MOSAICO
ALEMANHA
Cláudio Weber Abramo, de Berlim
Comentar sobre um país cuja língua não se fala é possível sob uma infinita variedade de circunstâncias ? as quais, contudo, não incluem comentar sobre sua imprensa. Há aqui uma infinidade de órgaos de imprensa, muitos dos quais famosos ? todos, infelizmente, para além do alcance deste observador.
Sendo-me impossível pronunciar coisas minimamente coerentes sobre a imprensa alemã, resta-me falar sobre a cidade de Berlim.
Um dos principais fulcros da extinta Guerra Fria, como todo mundo sabe Berlim passou 50 anos dividida entre uma parte ocidental, pesadamente americanizada, e uma parte oriental, pesadamente russificada. Após a queda do muro, dez anos atrás, a cidade passou a ser alvo de uma pesadíssima operação-reforma.

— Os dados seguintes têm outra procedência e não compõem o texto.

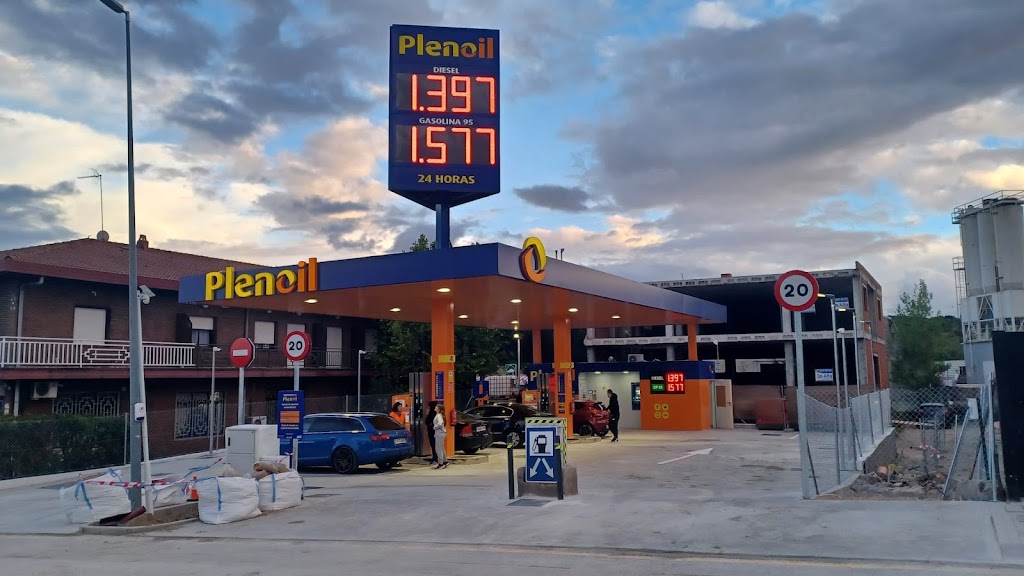 Plenergy Navas del Rey I (antes Plenoil) — Exterior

Há uma enorme quantidade de obras em andamento (algumas delas há anos interrompidas), muitas obedientes àquele horrendo estilo de arquitetura monumental à la Oscar Niemeyer que os brasileiros tão bem conhecem.

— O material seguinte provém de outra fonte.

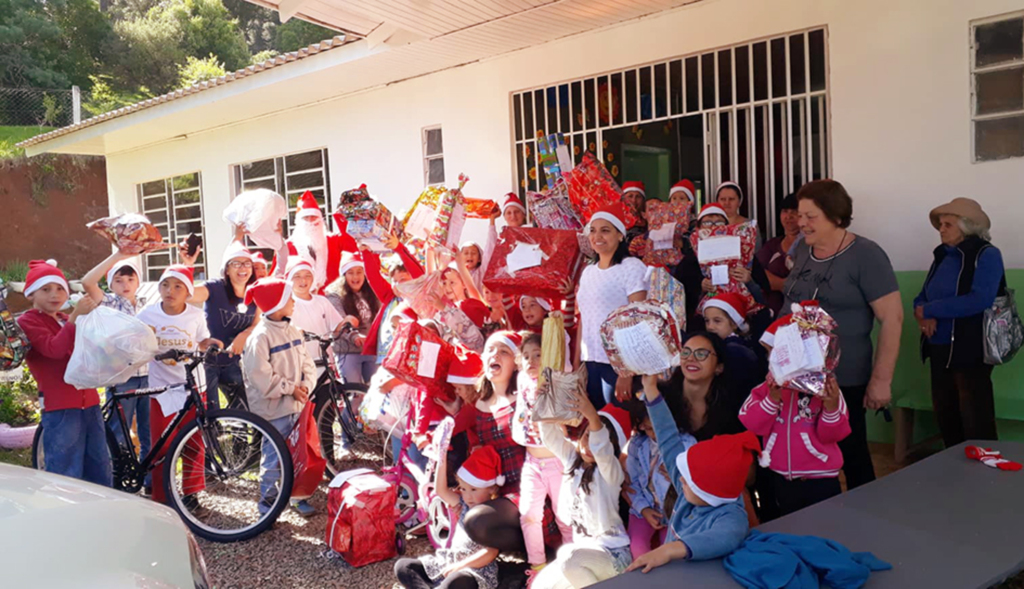 Campanha de Natal: O sorriso de 115 crianças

Uma área prefencial para esse tipo de coisa é o complexo de escritórios de parlamentares, perto do Reichstag. A Chancelaria, ordenada pelo ora caído em desgraça Helmut Kohl, assemelha-se ao mausoléu de Assurbanipal. Os berlinenses se perguntam o tempo todo que raio de troço é aquele, mas nada podem ou querem fazer para impedi-lo.
O governo alemão não tinha dinheiro para reformar a histórica Porta de Brandemburgo, que ficava do lado oriental. Assim, permitiram à Deutsche Telekom que se responsabilizasse ? com o resultado de que, para indignação de muitos, as obras se dão por trás de um enorme painel de tecido com um imenso anúncio da dita companhia. Dizem-me que a invasão da cidade por publicidade decorre da influência norte-americana, e que outras cidades alemãs não sofrem do mesmo mal. Tomara.
Outra história
O lado ocidental da cidade desenvolveu-se como normalmente se desenvolve uma cidade de país rico. Há uma certa tendência ao estático, um tanto burguês. O lado oriental é muito mais interessante, pois os prédios que não foram destruídos nos estágios finais da guerra lá permaneceram, de forma que passear por lá é um prazer muito maior do que andar pelo lado ocidental.
Outro dia levaram-me à Alexanderplatz, com o intuito de mostrarem um exemplo típico da ocupação urbana da antiga Alemanha Oriental. Senti-me como se estivesse em alguma superquadra comercial de Brasília. As mesmas cores doentias dos painéis que formam as janelas dos edifícios, o mesmo mau gosto (ou falta de gosto) arquitetônico, o mesmo tipo de luminoso, a mesma projeção de uma atmosfera indiferente à vida humana. E anúncios por todo lado, uma adição recente.
De todo modo, em Berlim, como em qualquer cidade de qualquer país europeu, experimenta-se algo que o Novo Mundo jamais poderia oferecer: história. Todos os dias, saio de meu hotel, percorro a Goethestrasse, tomo a Leibnizstrasse à direita, passo pela Schillerstrasse e vou dar na Bismarckstrasse, a qual atravesso para chegar ao local onde estou trabalhando. Uma jornada histórico-literária que se repete por toda a cidade, com diferentes nomes e evocações. Nascer e viver em tal ambiente tem profundas repercussões sobre a perspectiva em relação à vida e ao mundo. Não é Miami.